The top diplomats of Japan, China and South Korea have had a three-way meeting for the first time in three years and confirmed they will work closely over North Korea.
Japan's Foreign Minister Taro Kono and his Chinese and South Korean counterparts, Wang Yi and Kang Kyung-wha, met in the suburbs of Beijing on Wednesday.
After the talks, the three officials said they discussed cooperation toward denuclearizing Korean Peninsula, a common goal for the three countries, as well as the implementation of UN Security Council resolutions on North Korea. Recently, the country has repeatedly fired what appear to be short-range ballistic missiles into the Sea of Japan.
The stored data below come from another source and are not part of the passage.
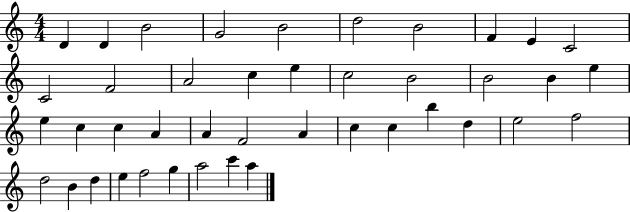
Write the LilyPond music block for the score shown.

{
  \clef treble
  \numericTimeSignature
  \time 4/4
  \key c \major
  d'4 d'4 b'2 | g'2 b'2 | d''2 b'2 | f'4 e'4 c'2 | \break c'2 f'2 | a'2 c''4 e''4 | c''2 b'2 | b'2 b'4 e''4 | \break e''4 c''4 c''4 a'4 | a'4 f'2 a'4 | c''4 c''4 b''4 d''4 | e''2 f''2 | \break d''2 b'4 d''4 | e''4 f''2 g''4 | a''2 c'''4 a''4 | \bar "|."
}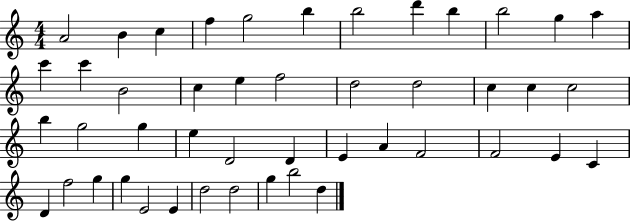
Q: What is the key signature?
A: C major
Kono said he sought support from China and South Korea for an early resolution to the issue of North Korea's abductions of Japanese nationals.
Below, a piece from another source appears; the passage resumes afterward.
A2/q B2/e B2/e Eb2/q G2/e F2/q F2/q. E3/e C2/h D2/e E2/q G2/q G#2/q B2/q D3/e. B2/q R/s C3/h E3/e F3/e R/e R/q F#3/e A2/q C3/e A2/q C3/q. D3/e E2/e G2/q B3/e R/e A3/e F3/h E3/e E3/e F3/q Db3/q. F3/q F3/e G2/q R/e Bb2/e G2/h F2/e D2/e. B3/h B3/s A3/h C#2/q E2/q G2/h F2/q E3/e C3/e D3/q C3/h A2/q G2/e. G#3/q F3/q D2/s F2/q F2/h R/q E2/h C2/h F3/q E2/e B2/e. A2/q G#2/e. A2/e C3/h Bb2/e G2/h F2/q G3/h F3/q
The foreign ministers also agreed to work together to realize a three-way summit as early as this year.
They confirmed they will try to conclude talks on the Regional Comprehensive Economic Partnership -- a free-trade framework involving 16 Asia-Pacific countries -- this year. The acceleration of trilateral free trade talks was also agreed.
Kono said the three East Asian nations account for one-fifth of the world's GDP and bear grave responsibility for regional and global stability and prosperity. He said he wants to deepen their three-way cooperation.
The Japanese foreign minister also indirectly referred to strained ties between Tokyo and Seoul. He said the relationship between two of the three neighbors sometimes sours, but cooperation among all three countries should be steadily promoted.